There is no longer a chime when my headlights are left on, and if the door is open and the key is in the igition. My first instinct is a fuse. I can't seem to find an answer via google.

Thanks,
Mark


----------



## 1900 (Jul 27, 2004)

Go to autozone the can check your car for you ask them pull the code form it anyways but if you dont have an ses light on I dont know if they will find anything chimmike probably knows just wait for him to answer which shouldnt be to long


----------



## CHRIS/SR/SE (Dec 15, 2003)

My sister's car had the same problem. It was her door switch, then again the dome light did not come on either. The fuse is a good place to look first, then check out the chime itself, they are a self contained unit.


----------



## cxSHOE (Jan 28, 2005)

i would check the fuses , it should be a red 10amp fuse.

on a side note:

CHRIS/SR/SE

would you know where the chime is? i cant stand that "soft tone" on my 2003 gxe and have a nice small buzzer to replace it with. and i looked throught the dealer manual and could not find it anywhere.(those damn books are junk, nothing like a honda/acura helms manual that shows everything)

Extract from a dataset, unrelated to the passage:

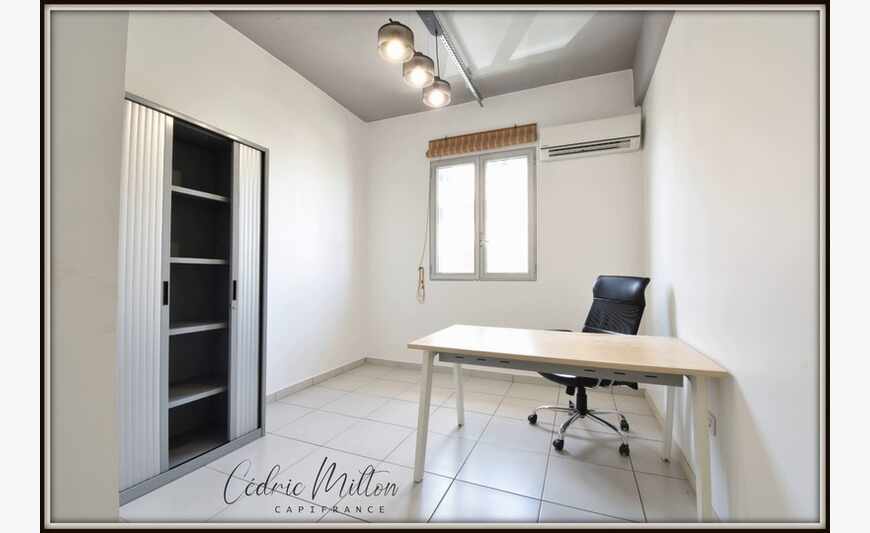 Bureau à louer - Rivière-Salée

i figure it is behind the fuse block but not sure.. if your able to clarify its location that would help alot...


----------



## doubletek (Jan 25, 2005)

Well, I finally got around to checking the fuses and none of them were bad...

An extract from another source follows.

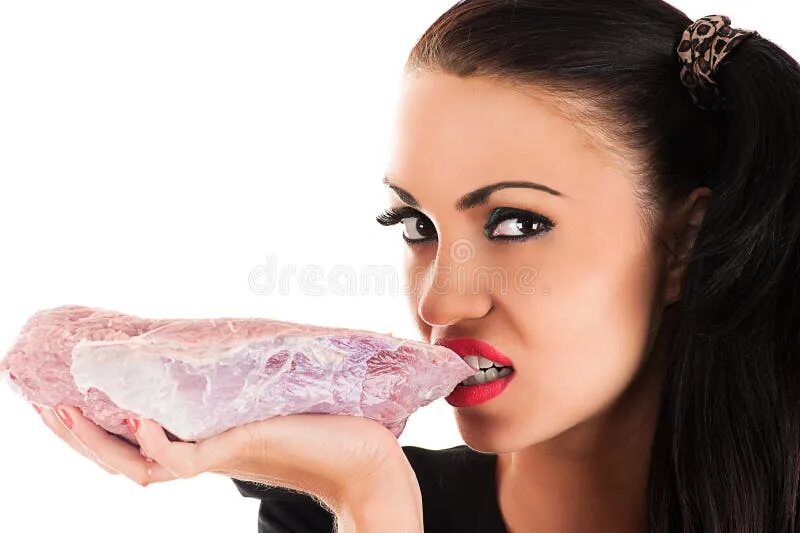 Что будет есть съесть сырое мясо. Женщина ест сырое мясо. Девушка ест сырое мясо. Женщина с мясными продуктами.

I checked the obvious ones, then ended up checking the 10, 15, and 20's...even the ones under the hood...

Where IS the chime itself? 

Thanks!


----------



## cxSHOE (Jan 28, 2005)

doubletek said:


> Well, I finally got around to checking the fuses and none of them were bad...
> 
> I checked the obvious ones, then ended up checking the 10, 15, and 20's...even the ones under the hood...
> 
> ...


bump for more help

i 2nd this request. from what i can tell just by sticking my huge head under the dash, it sounds like its coming from behind the fuse box. this is done by placing a small book in that direction and hearing the sound change. :thumbup:


----------



## cxSHOE (Jan 28, 2005)

cxSHOE said:


> bump for more help
> 
> i 2nd this request. from what i can tell just by sticking my huge head under the dash, it sounds like its coming from behind the fuse box. this is done by placing a small book in that direction and hearing the sound change. :thumbup:



need to get rid of that whimpy chime. thanks for any help on its location


----------